Work request:
Below are the records. Reproduce the line that contains "iCrochet - Learn" and every line after it to the end, exactly and alone.

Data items
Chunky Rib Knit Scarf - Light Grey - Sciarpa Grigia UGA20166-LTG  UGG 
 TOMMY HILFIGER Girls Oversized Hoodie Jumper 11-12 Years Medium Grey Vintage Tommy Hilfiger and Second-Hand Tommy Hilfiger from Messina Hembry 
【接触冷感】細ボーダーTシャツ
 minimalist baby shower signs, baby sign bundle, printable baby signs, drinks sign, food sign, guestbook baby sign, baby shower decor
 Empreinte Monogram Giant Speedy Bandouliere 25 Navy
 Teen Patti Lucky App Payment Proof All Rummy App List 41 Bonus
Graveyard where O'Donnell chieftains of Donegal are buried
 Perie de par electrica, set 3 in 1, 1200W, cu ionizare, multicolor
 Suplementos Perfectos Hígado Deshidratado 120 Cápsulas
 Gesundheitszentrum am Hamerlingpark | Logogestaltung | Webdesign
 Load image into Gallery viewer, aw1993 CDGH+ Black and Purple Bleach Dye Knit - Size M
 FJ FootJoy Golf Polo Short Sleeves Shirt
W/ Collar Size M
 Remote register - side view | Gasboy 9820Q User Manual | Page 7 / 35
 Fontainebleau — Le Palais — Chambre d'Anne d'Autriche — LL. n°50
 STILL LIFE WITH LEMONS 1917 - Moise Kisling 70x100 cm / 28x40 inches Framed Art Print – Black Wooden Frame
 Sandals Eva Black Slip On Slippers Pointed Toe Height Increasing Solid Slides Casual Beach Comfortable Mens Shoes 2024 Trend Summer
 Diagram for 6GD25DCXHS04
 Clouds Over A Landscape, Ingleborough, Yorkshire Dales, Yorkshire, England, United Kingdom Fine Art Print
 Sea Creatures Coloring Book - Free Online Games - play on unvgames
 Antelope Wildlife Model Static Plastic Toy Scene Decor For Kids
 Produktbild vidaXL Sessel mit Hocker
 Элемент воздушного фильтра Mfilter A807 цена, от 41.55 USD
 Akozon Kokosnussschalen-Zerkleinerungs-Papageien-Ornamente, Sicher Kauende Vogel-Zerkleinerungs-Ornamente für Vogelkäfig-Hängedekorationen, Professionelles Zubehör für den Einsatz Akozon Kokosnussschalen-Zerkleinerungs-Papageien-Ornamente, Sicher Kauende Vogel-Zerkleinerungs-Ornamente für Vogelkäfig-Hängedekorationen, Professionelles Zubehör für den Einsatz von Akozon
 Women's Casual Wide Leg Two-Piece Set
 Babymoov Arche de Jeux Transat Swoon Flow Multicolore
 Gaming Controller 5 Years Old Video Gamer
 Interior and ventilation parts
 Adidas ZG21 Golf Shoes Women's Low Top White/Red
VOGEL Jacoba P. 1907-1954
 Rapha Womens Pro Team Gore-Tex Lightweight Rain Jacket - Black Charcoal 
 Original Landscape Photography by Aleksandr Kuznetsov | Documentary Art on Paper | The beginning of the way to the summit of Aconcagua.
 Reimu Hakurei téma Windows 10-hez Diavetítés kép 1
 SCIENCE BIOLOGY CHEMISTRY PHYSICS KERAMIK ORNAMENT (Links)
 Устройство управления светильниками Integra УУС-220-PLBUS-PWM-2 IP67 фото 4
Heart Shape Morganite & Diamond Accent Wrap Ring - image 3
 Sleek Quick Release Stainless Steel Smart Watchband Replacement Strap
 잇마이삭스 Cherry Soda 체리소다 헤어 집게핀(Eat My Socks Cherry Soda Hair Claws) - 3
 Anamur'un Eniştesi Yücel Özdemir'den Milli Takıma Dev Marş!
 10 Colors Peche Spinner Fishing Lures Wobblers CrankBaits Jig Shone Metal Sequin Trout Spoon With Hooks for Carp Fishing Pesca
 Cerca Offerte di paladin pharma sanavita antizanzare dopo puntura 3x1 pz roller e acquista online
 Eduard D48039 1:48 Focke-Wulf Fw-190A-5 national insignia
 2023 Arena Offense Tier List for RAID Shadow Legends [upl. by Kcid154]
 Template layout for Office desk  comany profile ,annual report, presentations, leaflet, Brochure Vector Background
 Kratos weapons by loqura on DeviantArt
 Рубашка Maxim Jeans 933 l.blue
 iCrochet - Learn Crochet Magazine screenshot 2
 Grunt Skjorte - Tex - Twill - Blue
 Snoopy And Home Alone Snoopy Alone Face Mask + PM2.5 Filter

Exercise output:
 iCrochet - Learn Crochet Magazine screenshot 2
 Grunt Skjorte - Tex - Twill - Blue
 Snoopy And Home Alone Snoopy Alone Face Mask + PM2.5 Filter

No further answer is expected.